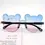 Thumbnail: Bear shaped sunglasses with text WE GTE NEWTON on white surface NanaPouchKids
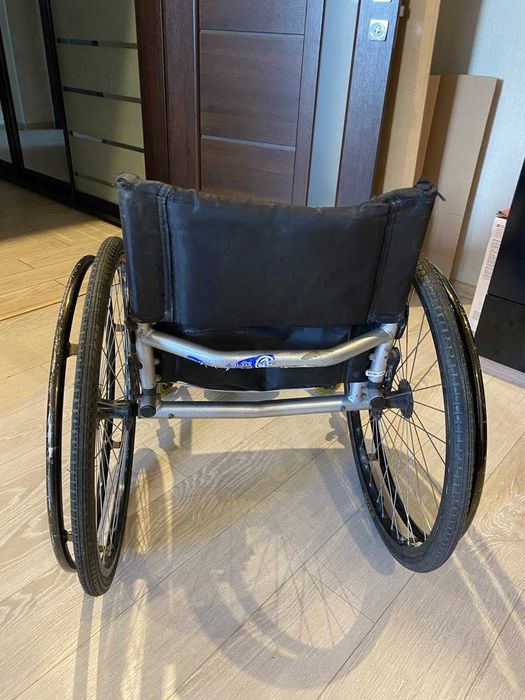 Активная коляска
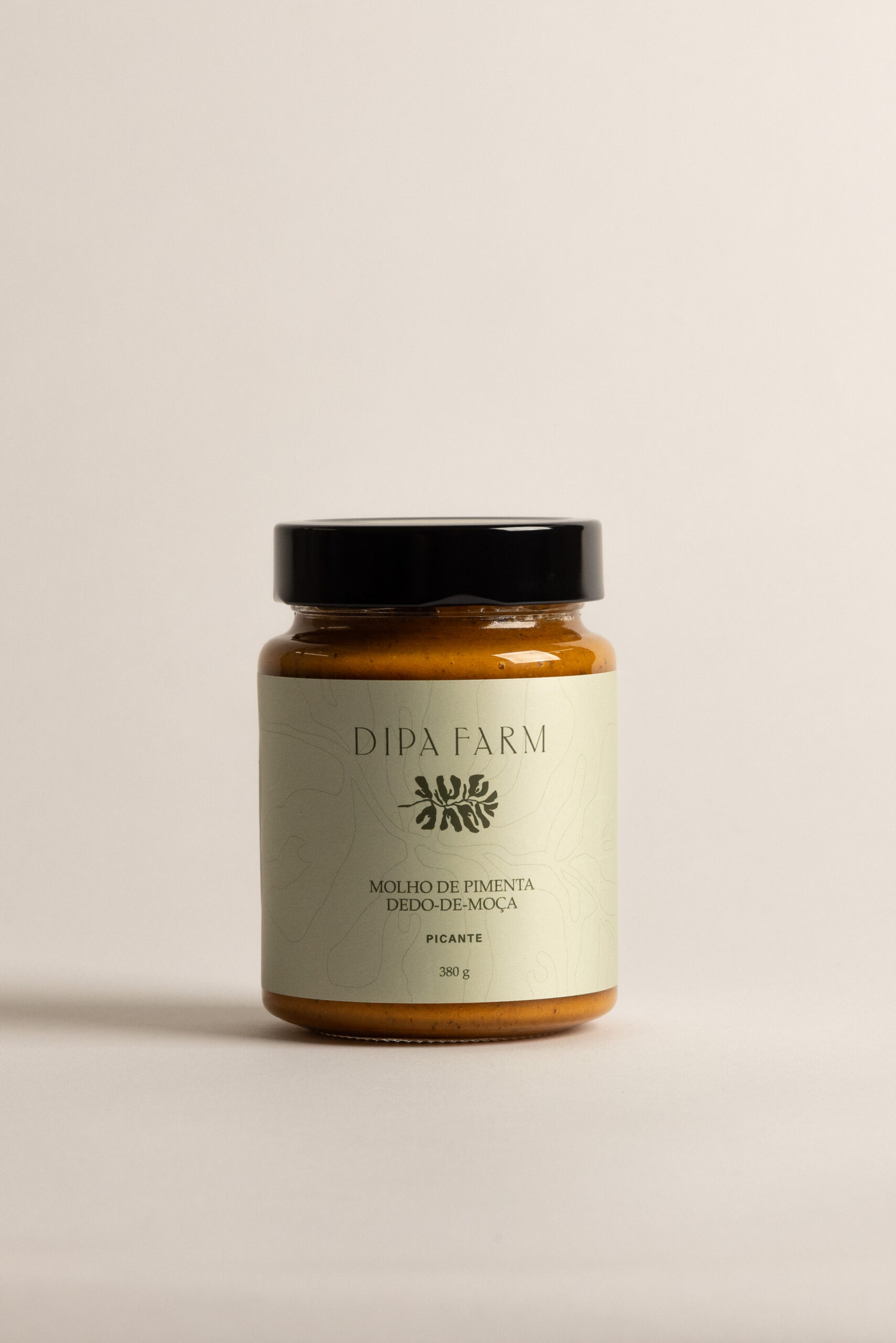 MOLHO DE PIMENTA PICANTE
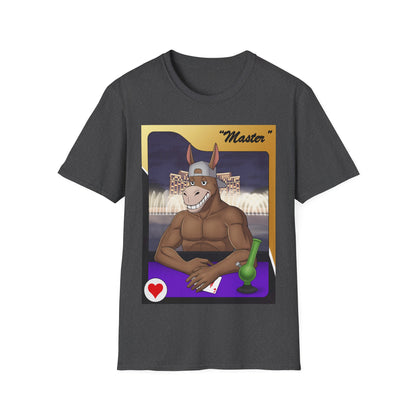 Degen Donkey Number 484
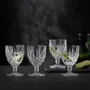 Komplet kieliszków NOBLESSE wysokich do wina 4 szt. 0,35 l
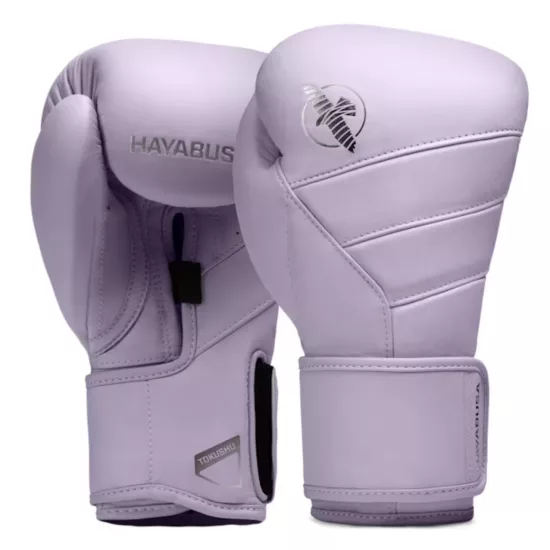 Боксерські рукавички Hayabusa T3 Kanpeki Wisteria Purple-12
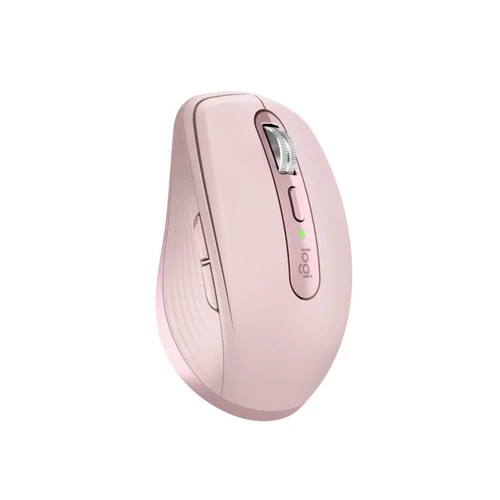 Logitech MX Anywhere 3S vezeték nélküli rózsaszín egér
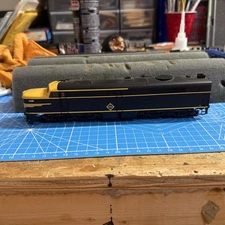 Proto 2000 Erie PA # 853 HO Scale DCC tested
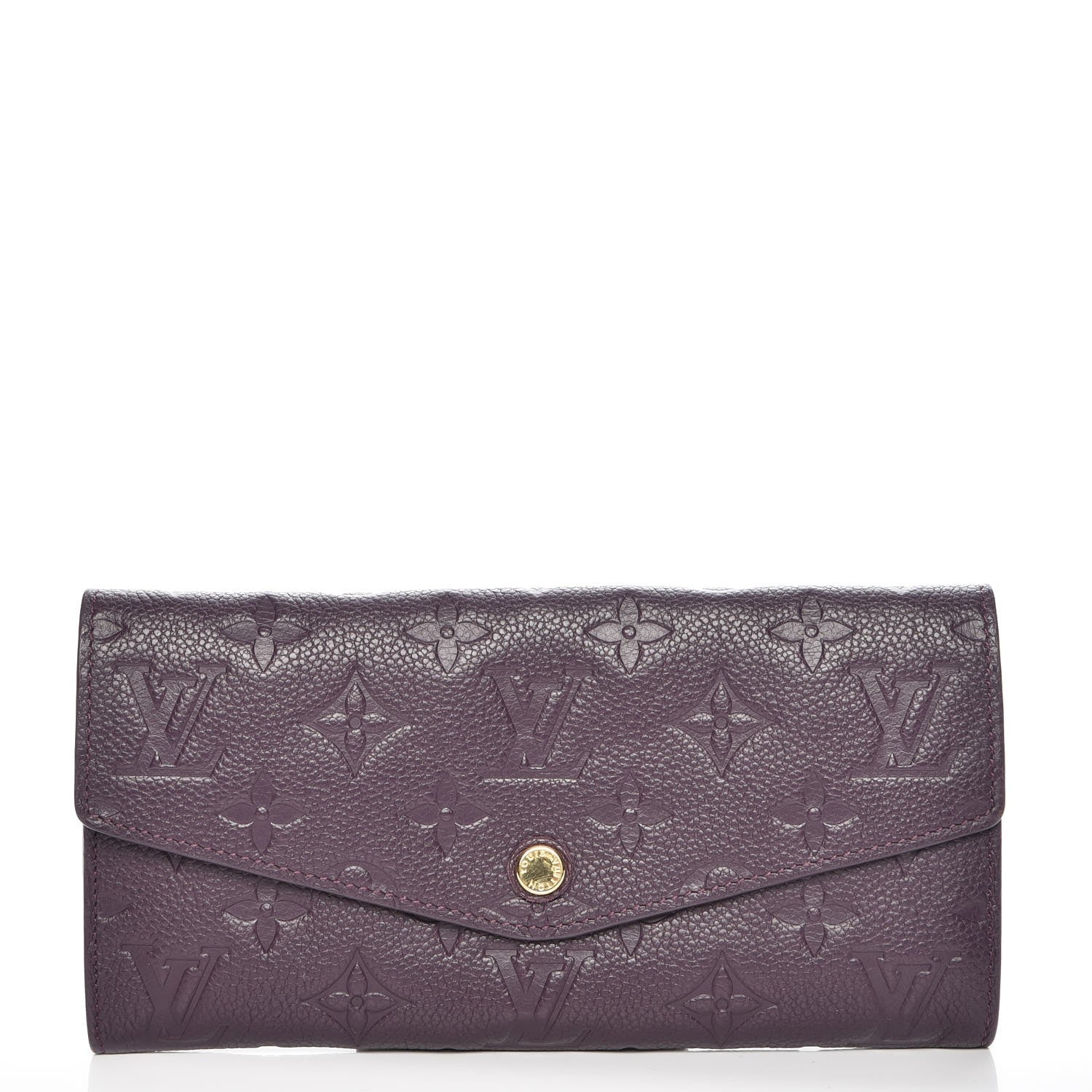 Louis Vuitton Empreinte Curieuse Wallet Aube 1 of 8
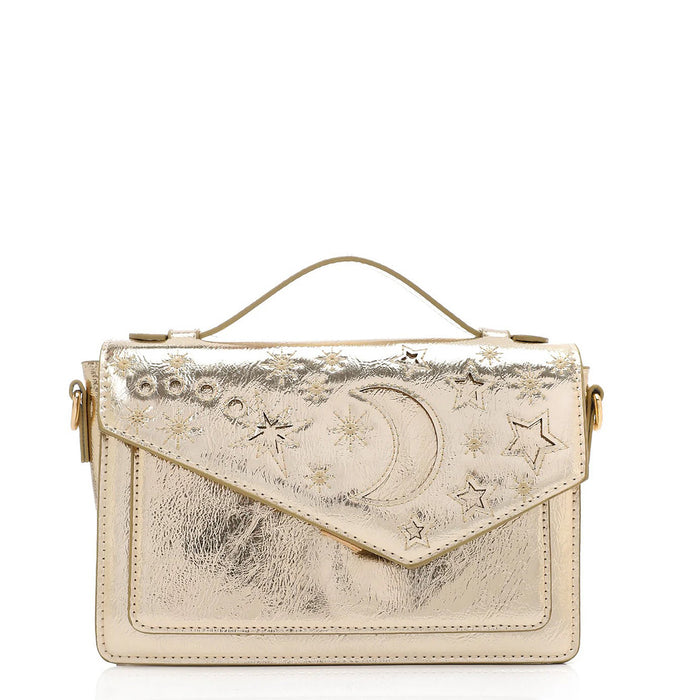 LID-DVTF-025 Stars Cross Body Bag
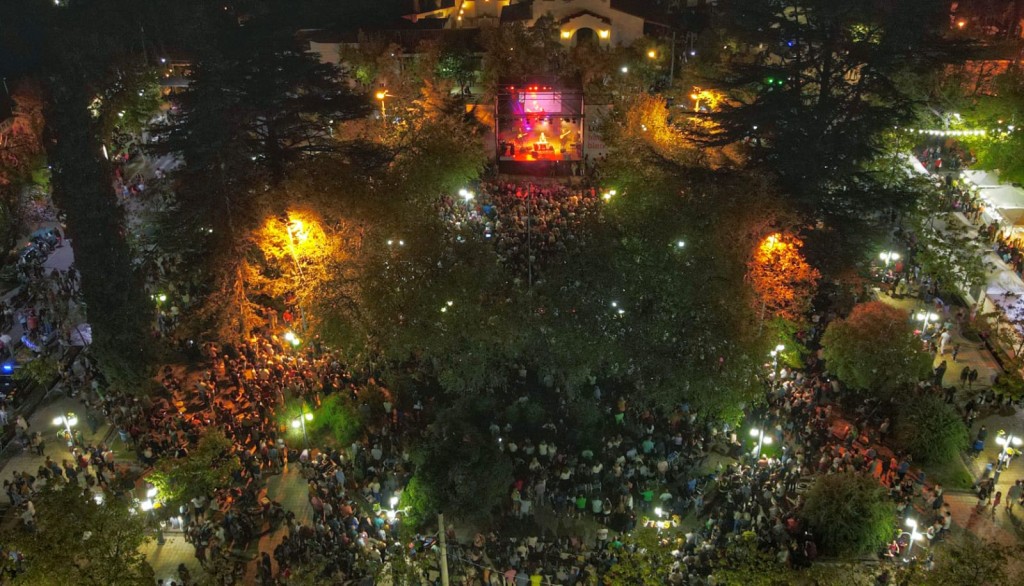 Luján de Cuyo realizará los Carnavales de Ugarteche y Chacras de Coria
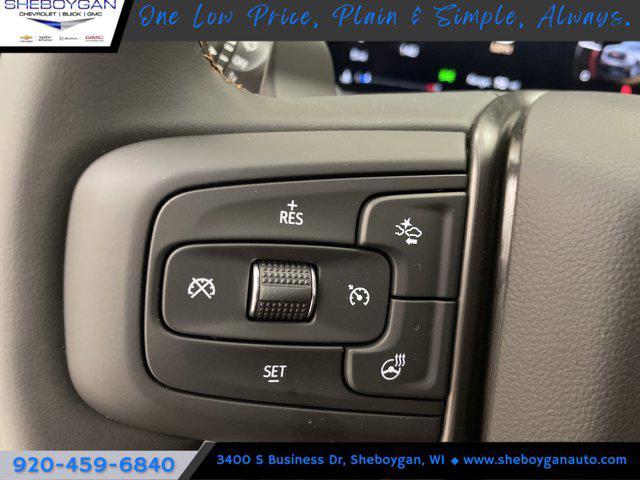 new 2026 GMC Sierra 1500 car, priced at $68,915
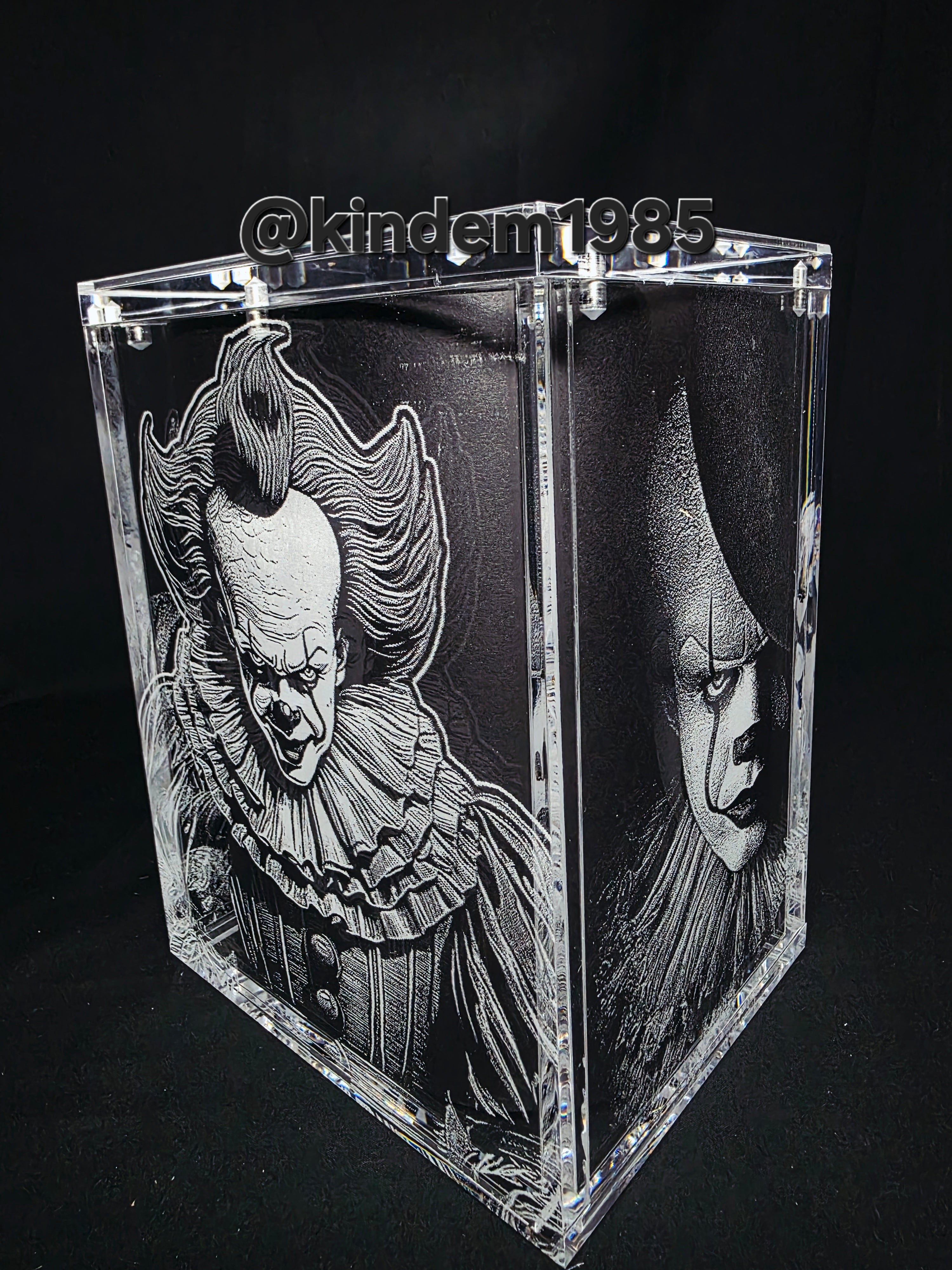 Pennywise Funko Pop Custom Premium Armor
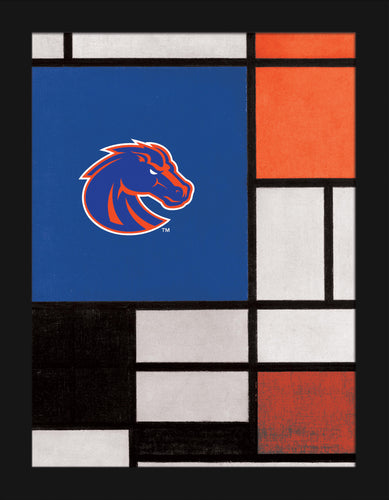 Wholesale C2212-Team Composition 12x16 / C2212-Boise State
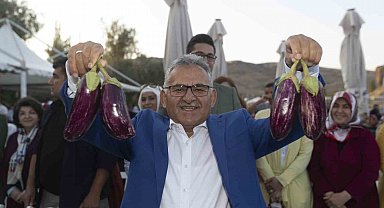 Başkan Büyükkılıç: "Tarımsal üretim zincirinin her halkasında yer aldık"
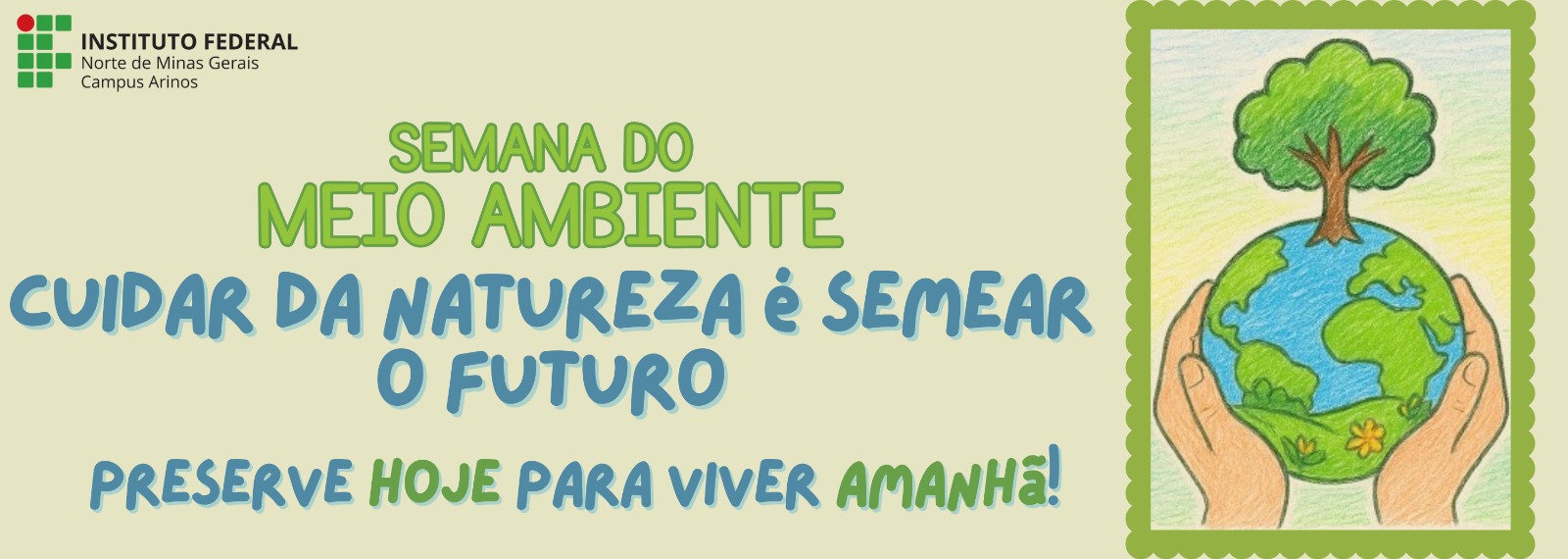 XIV Semana de Meio Ambiente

◇ ◇ ◇ ◇ ◇ ◇ ◇

What you have to do >>
Every line from the one bearing "Logitech MX Anywhere" through the end of the data above must be output exactly, and no picture may appear.

Response to this exercise >>
 Logitech MX Anywhere 3S vezeték nélküli rózsaszín egér
 Proto 2000 Erie PA # 853 HO Scale DCC tested
 Louis Vuitton Empreinte Curieuse Wallet Aube 1 of 8
 LID-DVTF-025 Stars Cross Body Bag
 Luján de Cuyo realizará los Carnavales de Ugarteche y Chacras de Coria
 new 2026 GMC Sierra 1500 car, priced at $68,915
 Pennywise Funko Pop Custom Premium Armor
 Wholesale C2212-Team Composition 12x16 / C2212-Boise State
 Başkan Büyükkılıç: "Tarımsal üretim zincirinin her halkasında yer aldık"
 XIV Semana de Meio Ambiente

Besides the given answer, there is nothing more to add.